On 2 June 2026, Singapore's Personal Data Protection Commission (PDPC) opened a public consultation on its Proposed Advisory Guidelines on the Use of Personal Data in Generative AI. The text is a draft, out for feedback, and the regulator has filed it under two tags worth sitting with: "Artificial Intelligence (AI)" and "Data Use."

I'm not going to walk you through clauses that are still being consulted on — if you want the specifics, read the PDPC's consultation document directly, because that is the only place the detail can be relied on while it's in flux. What I want to talk about is why the existence of this consultation should matter to you long before any of it is settled. I run a company that helps SMEs put AI to work, and I spend the other half of my time thinking about the security and data risk that comes with it. From both seats, the way I read it is the same: when the data-protection regulator starts drawing lines specifically around personal data in generative AI, the floor under your business is starting to move — and to my mind, the smart operators build to where it's going, not to where it is today.

Why I think this lands hardest on SMEs

There's a comforting assumption among smaller businesses that AI governance is a problem for the Googles and the banks. I don't buy it. The PDPC hasn't framed this as an SME issue — but in my experience, for many SMEs the risk is likely to appear the moment they connect third-party AI tools to operational or customer data. That's the part founders are least equipped to think about while they're chasing the productivity win, and it's where I'd expect the trouble to surface first.

Here's the framing I give the businesses I work with: the data you feed into an AI system sits on two lines of your balance sheet at once. It's an asset — it's what makes the tool useful. And it's a liability, because once personal data has entered model development or system workflows, later access, correction, or removal can become technically difficult — something the PDPC itself acknowledges in recognising the technical limits on identifying, correcting, or removing specific information once it's in a model.

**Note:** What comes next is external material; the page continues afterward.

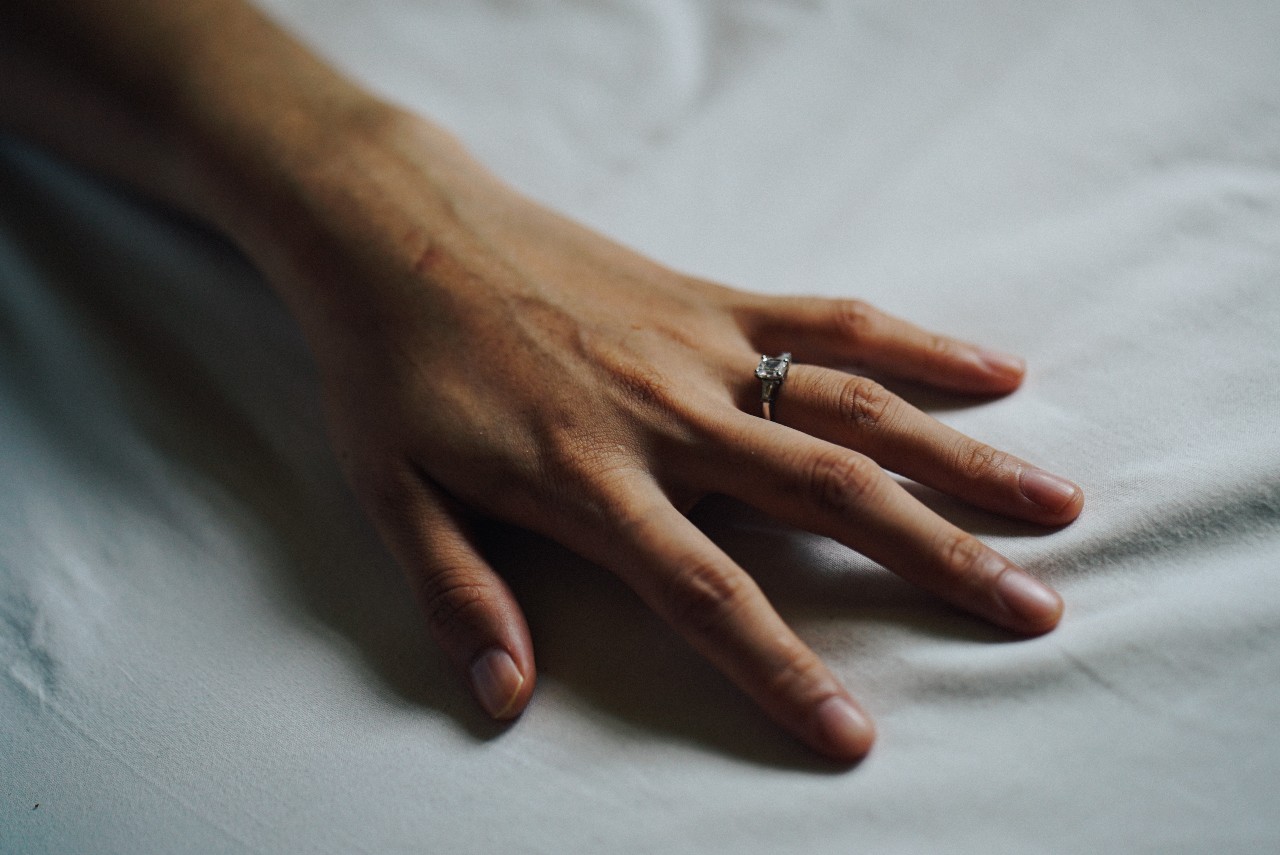 A closeup of a hand with a three-stone engagement ring stretches on a bed.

A regulator opening a formal consultation on this exact question is, to my reading, a sign the liability side of that ledger is going to get more attention, not less.

What I'd do now, regardless of the final wording

You don't need the finalised guidelines to start. The disciplines that will keep you on the right side of wherever this lands are the same ones good security and data practice have always demanded:

  • Know your data's provenance. Treat every dataset you feed into an AI system the way you'd treat any other component in your supply chain — with a record of where it came from and why you're entitled to use it. If you can't answer that for a dataset, that's your weakest point.

  • Don't assume your AI vendor carries your liability. The PDPC's position is that the organisation deploying a system bears primary responsibility for ensuring it can meet PDPA obligations — and needs sufficient information about the upstream safeguards to make that call. Put plainly: using a third-party model doesn't remove the deployer's need to assess whether the system can meet those obligations.

  • Collect less, and say clearly what you do with what you collect. Minimising the personal data in play and being plain with people about how it's used isn't just hygiene — in enterprise procurement it's increasingly something you can win deals with. Private-by-design is becoming a sales advantage, not just a compliance posture.

None of that depends on a single clause of the draft. It's the work that makes you ready for the draft.

The window is open — and it's short

The thing most businesses get wrong about a public consultation is treating it as an announcement to react to later, rather than a door that's briefly open. It's a draft because the regulator is asking for input, and the PDPC has set submissions to reach it by 1 July 2026, 5.00 PM. If something in the draft would be unworkable for how a real SME handles data, the time to say so is before that date — and at minimum, the time to read it and brief your team is now, not after it hardens into the standard you're measured against. Singapore tends to set the template the rest of ASEAN watches, so this is worth the attention even if you operate primarily across the causeway or further afield.

Key Takeaways

  • On 2 June 2026 the PDPC opened a public consultation — closing 1 July 2026, 5.00 PM — on proposed advisory guidelines for the use of personal data in generative AI; most specific provisions are still in draft.

  • The PDPC has not framed this as an SME issue; in my view, the risk for many SMEs will surface when they connect third-party AI tools to operational or customer data.

  • The PDPC's position is that the deploying organisation bears primary responsibility for ensuring a chosen system can meet PDPA obligations — don't assume your vendor carries that for you.

  • You can act before the final text: track data provenance, assess vendor systems against PDPA obligations, and treat private-by-design as a competitive edge.